El dato a tener en cuenta, y que resulta fundamental para comprender el conflicto casinos in Alabama con los fondos buitres y la situación actual, corresponde a la pérdida de la soberanía nacional. El Gobierno, continuando la lógica instaurada durante la época del megacanje menemista en el 94, aceptó someterse a la jurisdicción internacional, declarando que los bonos fueron emitidos como acto privado, por lo que podían ser juzgados en cualquier parte del mundo.

La pregunta que cabe es, si Argentina viene pagando la deuda y renegoció plazos y tasas para el pago de los bonos: ¿Qué son los fondos buitres y en qué cambia lo que sentencie o no el juez Griesa?

Partamos de una base simple: todos los fondos financieros de especulación, de una manera u otra, son buitres, la única diferencia es cuánto y de qué manera reciben los pagos. Los hoy llamados buitres, no son más que el 7% de los fondos que no aceptaron el canje de deuda propuesto por el Estado Argentino. Los que sí entraron al canje de deuda no son muy diferentes, en la actualidad se encuentran percibiendo pagos que superan el 300% del capital invertido en su momento.

Mientras continuamos pagando la deuda reestructurada, los fondos que no ingresaron al canje de deuda consiguieron sentencia favorable por el pago de 1.500 millones de dólares en el fallo Griesa. Según estimaciones, el fallo habilitaría demandas entre 15.000 y 22.000 millones de dólares que “obligarían” al país a entrar en default.

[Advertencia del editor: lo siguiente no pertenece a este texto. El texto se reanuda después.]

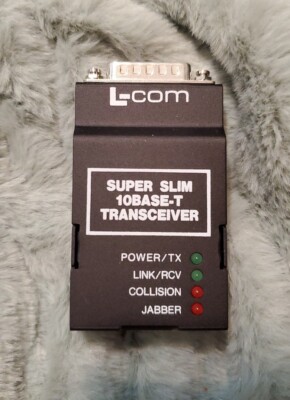 L-Com Ethernet Super Slim 10BAse-5/T Transceiver LCTP-10BT-10B5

Aquí aparece la famosa y tan nombrada Cláusula RUFO. Ésta da plazo hasta diciembre de 2014 para delimitar las condiciones de pago. Si antes de la fecha límite, existe una mejor oferta para el canje de deuda, los bonistas que ya han ingresado en el mismo, tienen derecho a las mismas condiciones de oferta. Esto significaría que, en caso de que Argentina deba pagar a los fondos buitres que se encuentran en juicio, los bonistas que hoy en día reciben el canje de deuda arreglado en 2005 o 2010 pueden exigir las nuevas condiciones abiertas para el 7% de los buitres.

En este contexto, a fines de agosto, Cristina Fernández presentó el proyecto de “Ley de pago soberano local” que representa una reestructuración de la deuda, reabriendo el canje para que puedan ingresar el 100% de los bonistas y transfiriendo el agente fiduciario desde el Banco de Nueva York Mellon al Banco Nación, en un intento de evitar futuras trabas en el pago de los bonos. A esto se le agrega la búsqueda incansable de “vencer” el fallo de Griesa, para poder pagar a los acreedores que entraron en canje y evitar caer en un default que impida, en definitiva,pagar a todos.

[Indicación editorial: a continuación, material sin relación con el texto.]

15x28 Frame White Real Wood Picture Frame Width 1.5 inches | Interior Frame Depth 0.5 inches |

Redondo, redondo, barril sin fondo

El argumento oficial, que se adjudica el desendeudamiento total del país, no innova a cómo históricamente ha actuado Argentina: asegurarse la posibilidad de re-endeudarse para pagar deudas.

El kirchnerismo apuesta a generar en los próximos años una gran cantidad de inyecciones monetarias, ya sea por inversiones o préstamos internacionales, sacando chapa del pago constante y al día -con el plus de la ganancia inflada- de la deuda. En este sentido busca la vuelta al mercado internacional, o para ser más precisos, la inserción aún mayor en el mismo, un ejemplo de ello se ve en buscar ser considerada a nivel internacional “País Emergente”, es decir recibir inversiones de las grandes multinacionales y adecuar aún más la producción a las normas internacionales del Capital.

Nota completa en edición impresa. Mascaró #25 de Septiembre 2014.